(1)課題番号 0311

(2)実施機関・部局名:北海道大学大学院理学研究科附属地震火山研究観測センター            

(3)課題名:日本海東縁部活動帯,北海道北部地域の広域地殻活動の常時把握と評価        

(4)本課題の5ヵ年計画の概要とその成果

(4−1)「地震予知のための新たな観測研究計画の推進について」の項目:

1ー(1)定常的な広域地殻活動

(4−2)関連する「建議」の項目:

-(1)ア、ウ、 2-(1)イ、ウ、III.1.(),ア、イ

(4−3) 5ヵ年計画全体の目標:

日本海東縁部活動帯〜北海道北部地域の広域地殻活動の常時把握と評価を行うために、サハリンを含めた高密度GPS観測網、地震観測網の整備と重力、電磁気による地殻構造探査

 

(4−4)5ヶ年計画の実施状況の概要と主要な成果:

この計画は、平成13年度に新規に立ち上げたものであるが、それまで進めてきた、課題番号0302:北海道北部地域での高密度GPS観測によるプレート境界位置の推定、課題番号0303:北海道北部地域の臨時地震観測による地殻構造推定の2つの計画を統合し、さらに電磁気探査を加えて進めているものである.北海道北部での臨時微小地震観測を通じて、この地域の特異な地震活動帯が明らかになった.アムールプレートの収束境界に位置していると思われる、北海道北部の西側にのみ活発な地震活動が見られ、国土地理院のGPS観測点の東向きの変動もこの地域に限定されるように見える.13年度からは、1部、Hi-Netのデータ利用が可能になり、ほぼこの地域の地震検知能力は一様になったことから、これまでの結果が正しいことが確かめられた。南サハリンで進めているロシアとの臨時共同地震観測により、2001年7−9月にかけての南サハリンの前震活動を伴うM.7の地震活動の全貌を記録でき、前震活動の特徴を明らかにしつつある.この活動帯は北海道北部地震活動帯の北部延長にある。

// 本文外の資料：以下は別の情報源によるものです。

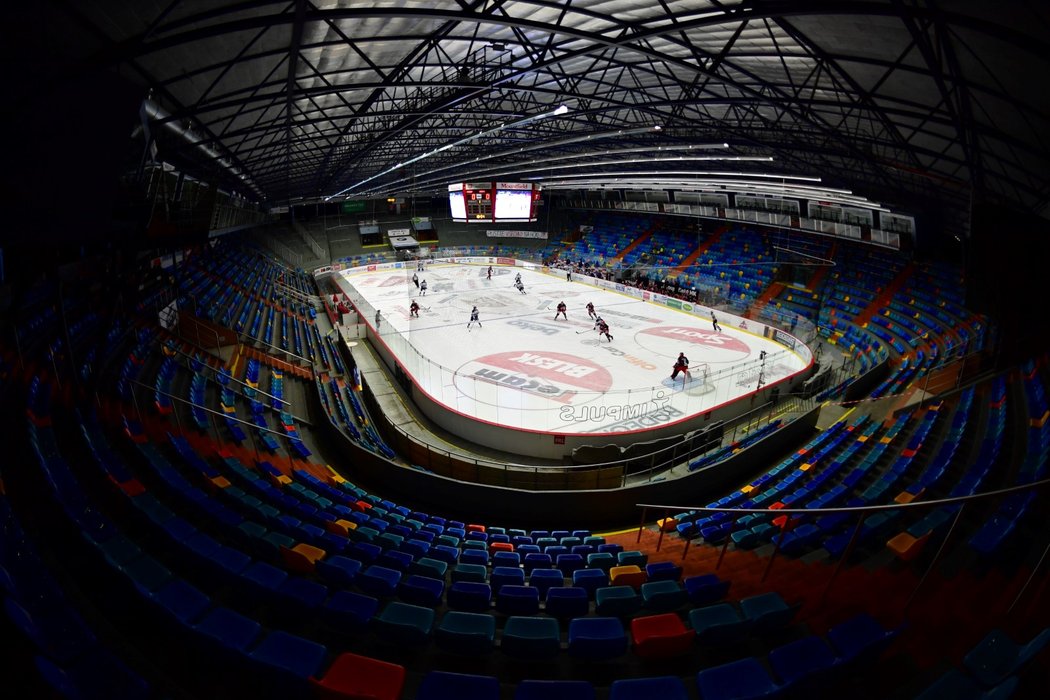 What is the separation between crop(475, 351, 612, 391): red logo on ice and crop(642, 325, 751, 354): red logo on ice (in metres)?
6.47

13年度には、浜頓別−問寒別間の広帯域MT観測を行い、3次元比抵抗構造モデリングを行い,中頓別付近を境界にしている地震のほとんど起こらない東側と地震の起こっている西側(北海道北部地震活動帯)との比抵抗構造のちがいを検討した.さらに14年度は、西側の幌延、天塩地域までMT探査を行い、オホーツク海側から日本海側までの44.50Nから45.05’N間の3次元比抵抗構造を作成できるデータを取得した。そのデータを基に45.00’N断面について2次元比抵抗断面を作成した(図1)。その結果,地震の起こらない東側は比較的比抵抗構造が浅部から深部まで一様であり,均質な地殻構造であると考えられる,それに対して西側では,地震の発生している部分は低比抵抗層の下層にある高比抵抗層であることがわかってきた。このような構造の不均質が地震の発生にかかわっていると考えられる。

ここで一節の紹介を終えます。